* [YOUR ASSIGNMENT] An exact repeat is needed of the lines from the one with "110kW Style LED" through the last line of the data below. Please omit the pictures.

[Source data]
"""

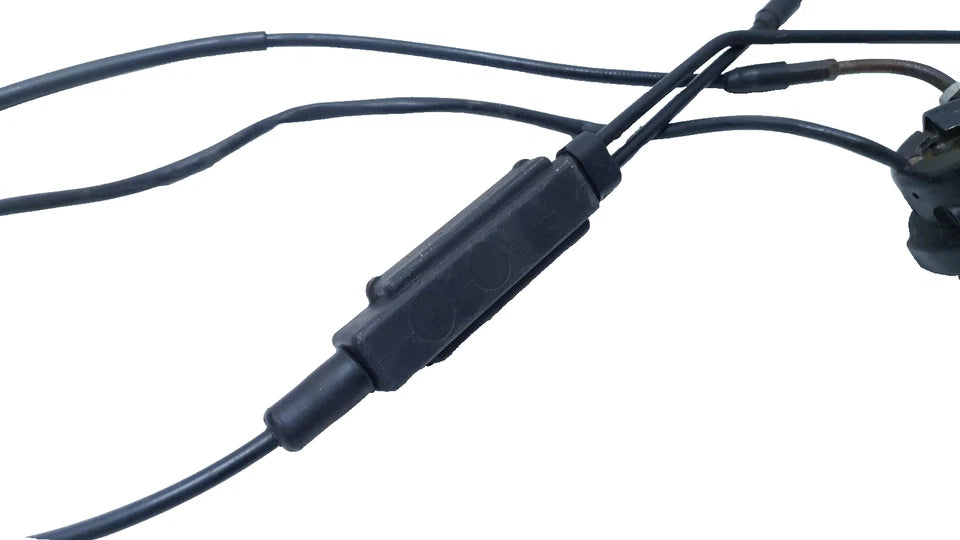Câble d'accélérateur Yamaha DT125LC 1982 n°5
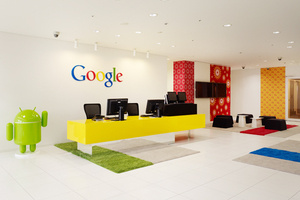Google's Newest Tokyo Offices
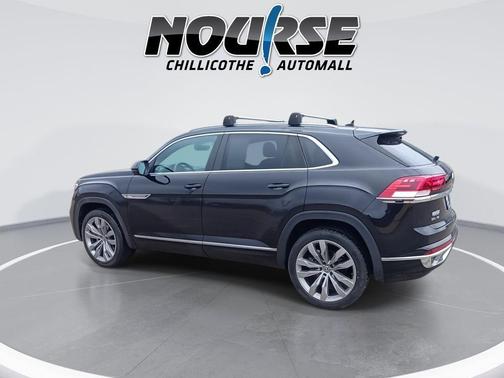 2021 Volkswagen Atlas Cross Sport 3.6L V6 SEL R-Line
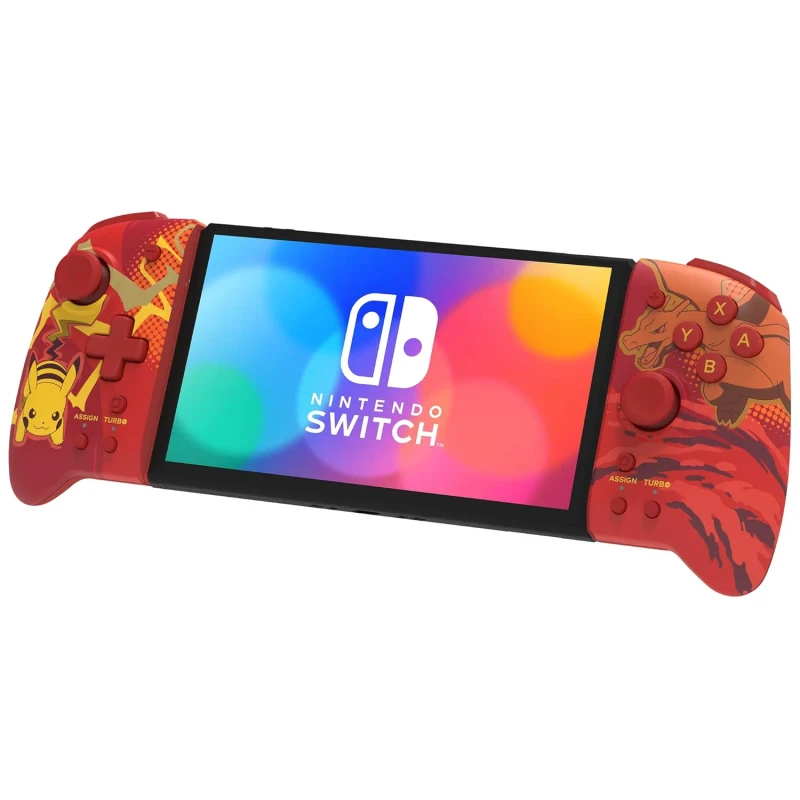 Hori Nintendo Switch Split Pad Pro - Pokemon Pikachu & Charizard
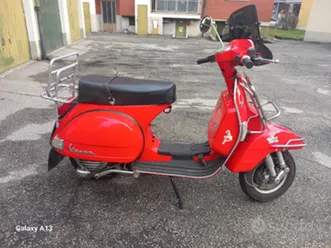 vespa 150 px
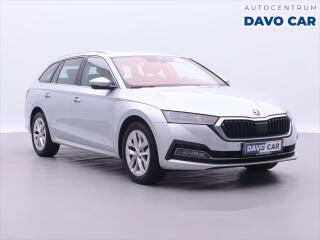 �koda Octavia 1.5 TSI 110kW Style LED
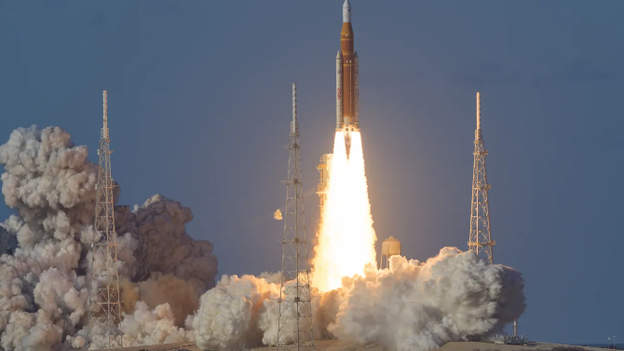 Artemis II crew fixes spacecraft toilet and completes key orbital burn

"""

* [TASK OUTPUT]
 �koda Octavia 1.5 TSI 110kW Style LED
 Artemis II crew fixes spacecraft toilet and completes key orbital burn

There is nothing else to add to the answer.